In the fourth quarter of 2000, the SEC also asserted, Charter improperly inflated its year-end revenue and operating cash flow by $17 million when it realized that these figures would otherwise come in below analysts’ expectations. According to the commission, Charter entered into one contract under which it agreed to pay two suppliers an additional $20 for each digital converter that the company purchased. Simultaneously, the SEC maintained, the company entered into a second contract under which those suppliers agreed to purchase $20 in advertising services from Charter for each converter purchased.

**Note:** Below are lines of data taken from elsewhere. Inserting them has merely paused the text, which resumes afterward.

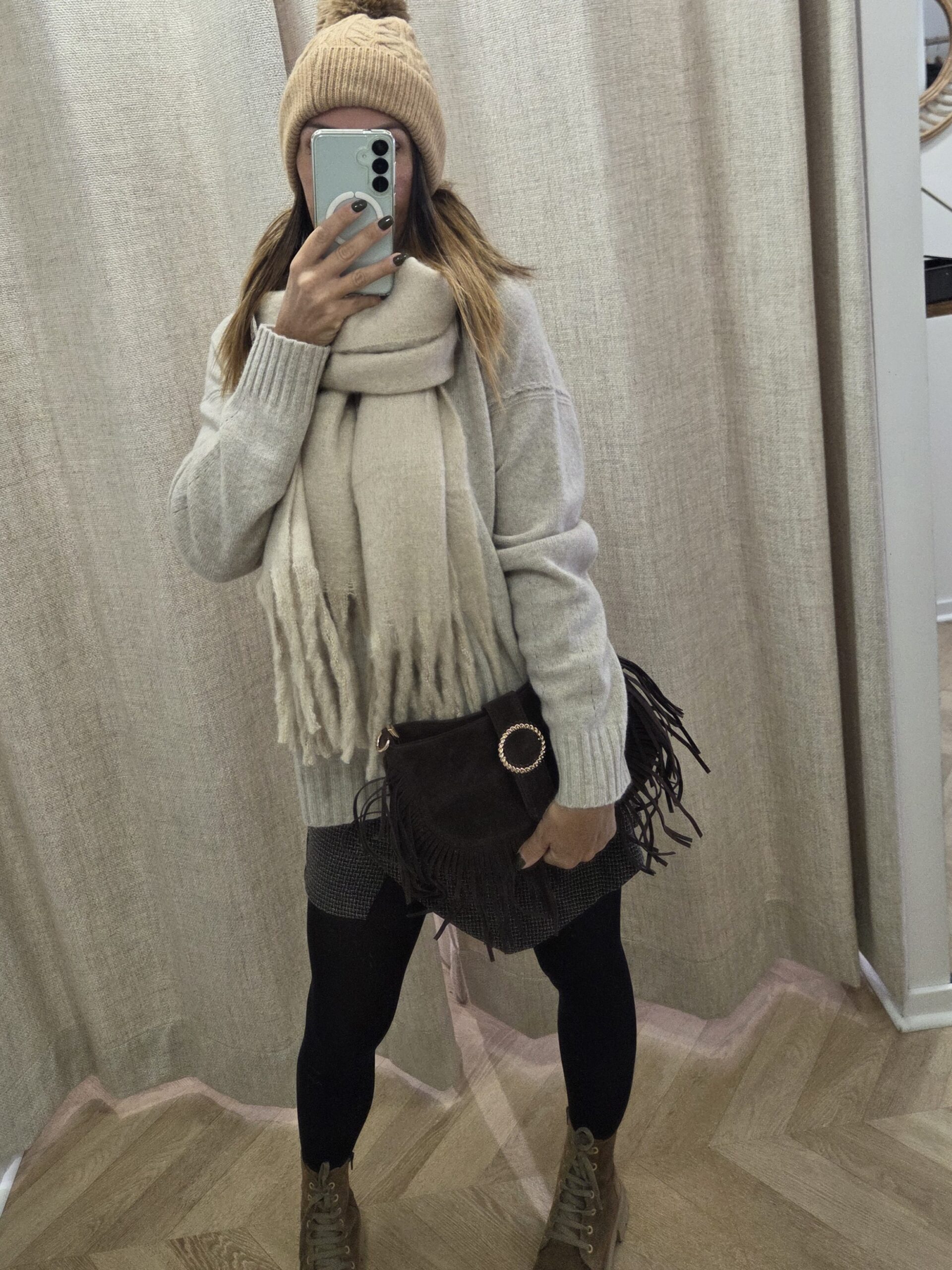 Sac à franges Alana chocolat – Image 3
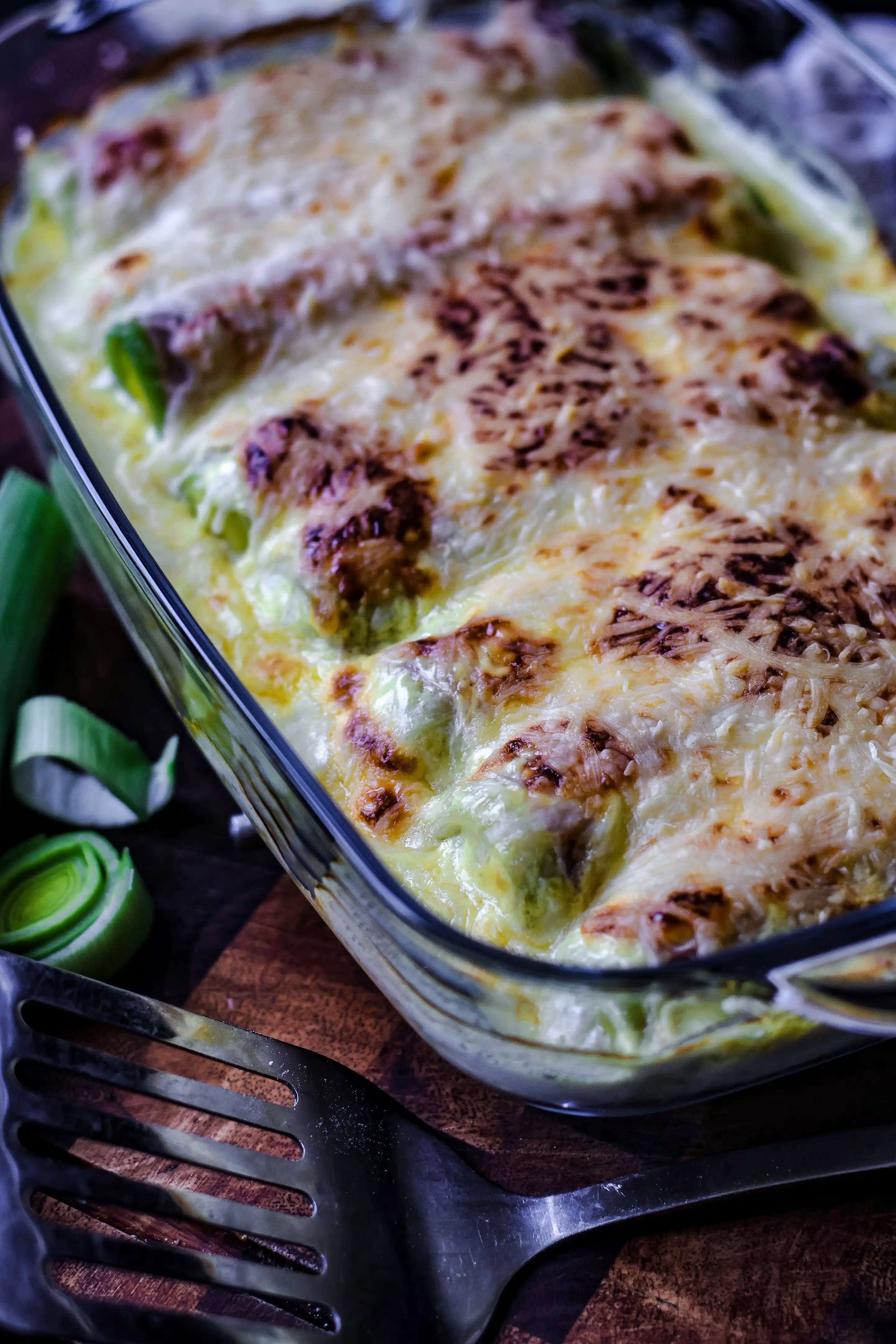 sieht dieser überbackene Lauch nicht phantastisch aus?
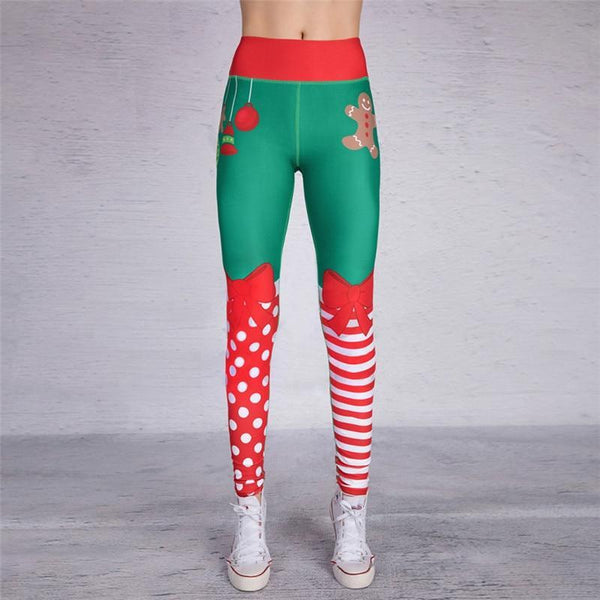 Leggings Deportivos Navideños de Cintura Alta para Yoga y Fitness - Image 3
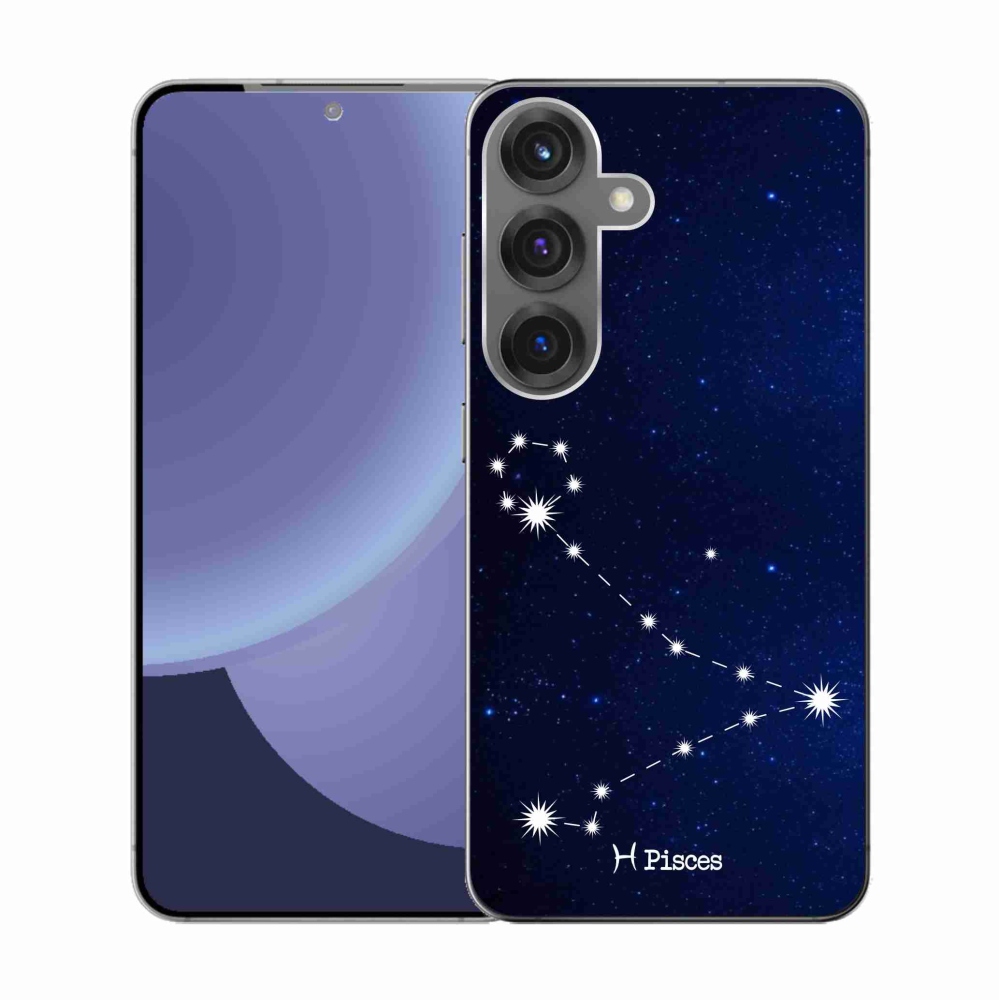 Gelový kryt mmCase na Samsung Galaxy S25 - souhvězdí Ryby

In effect, the SEC charged, Charter gave these suppliers money to purchase its advertising services. “By increasing its revenue and operating cash flow with the $20 it was paid by the suppliers as advertising revenue, Charter improperly inflated its 2000 year-end revenue and operating cash flow” in its annual report, the commission added.

In July 2003, a federal grand jury charged four former officers of Charter Communications with conspiracy and fraud, alleging improper accounting and reporting of revenue from suppliers of digital converters, as well as inflated subscriber account numbers, according to the Associated Press.